The first things people usually notice about me
Other people notice different things than we notice about ourselves, which is yet another world apart from the way we describe ourselves to others. I venture these layers of presentation might have been among the insights of a dry book I was required to read as a freshman in college, Erving Goffman's "Presentation of self in everyday life". Suffice college mentors deemed it important a freshman understand that what others notice may be different from what we notice about ourselves or others let on they notice.

Some people like simplicity, and others seek out complex. Far be it, however, we're consistent. I like a simple life, maybe because it affords plenty of time to reflect. On the other hand I'm rarely satisfied with a simple answer (though I am getting better). Granting the time lag with which inner skeptical worlds display, the mishmash from seeking complexity probably doesn't show much on first impression. Outwardly I'm a warm and easy-going person, though perhaps with a bit of diffidence. In comfortable environments I'm known to make wry comments with a smile. In not so comfortable environments I may prudently blend into the woodwork. Of course this leaves a good amount of variability in-between.
Favorite books, movies, shows, music, and food
I love magical realism, though I might be slippery in what I call magical realism. Contemporary exemplars such as Gabriel Garcia Marquez's "100 years of solitude" to my mind recall other hyper-real styles that put earlier times and institutions under a similar anamorphic lens (Gargantua and Pantagruel, Gulliver's Travels, A Connecticut Yankee in King Arthur's Court).

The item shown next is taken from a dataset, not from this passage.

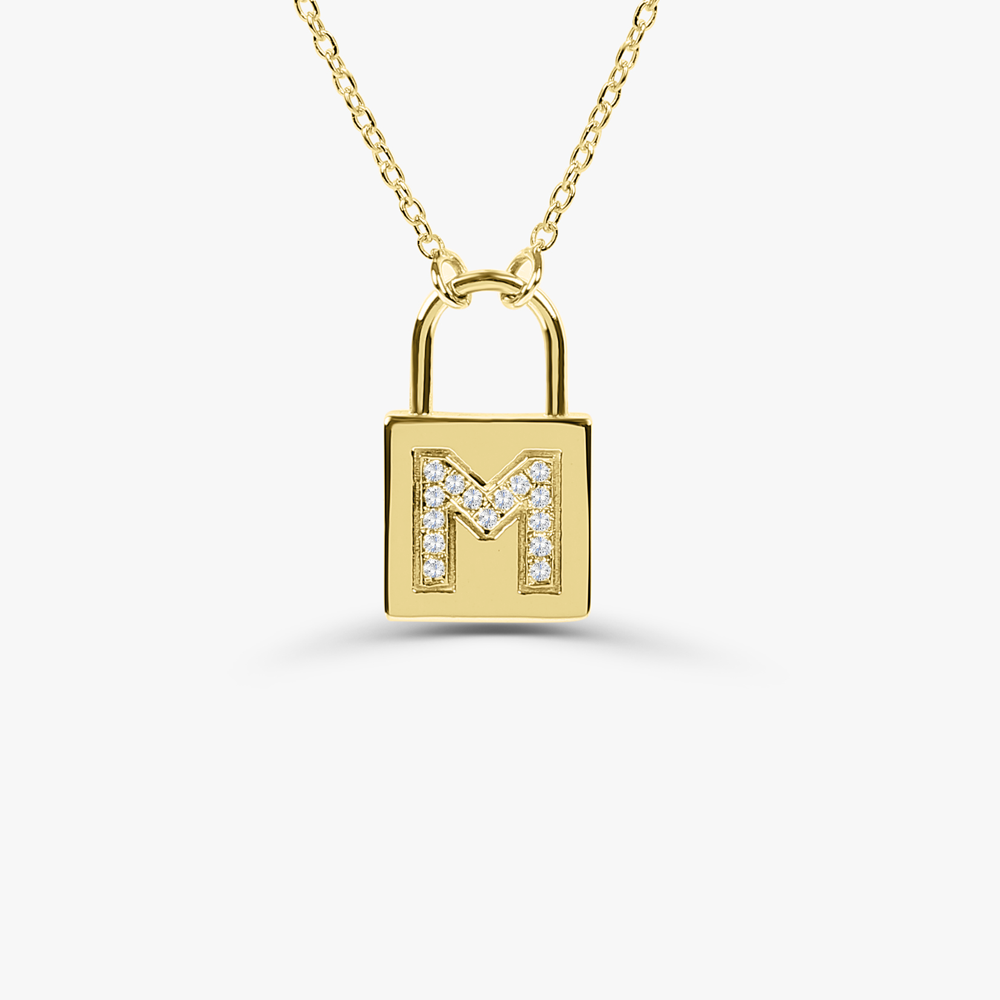 OBFJ1650 - Padlock Initial Necklace necklace in selectable metal and diamond options - Roselle Jewelry view 1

We are a mapping species, and the condensation of Colombian history in 7 generations of the Buendia family is transcendent for its recurring themes and fatalistic portrayal of history. In a more formalistic way I also love parts of James Joyce's "Ulysses" for the music of its language. "Pray for the repose of the soul of. Does anybody really? Plant him and have done with him". Not that the long-winded tome doesn't also drag, but likely my ill-reading of Ulysses is in part my inability to pick up on its over-abundance of allusions and cadences.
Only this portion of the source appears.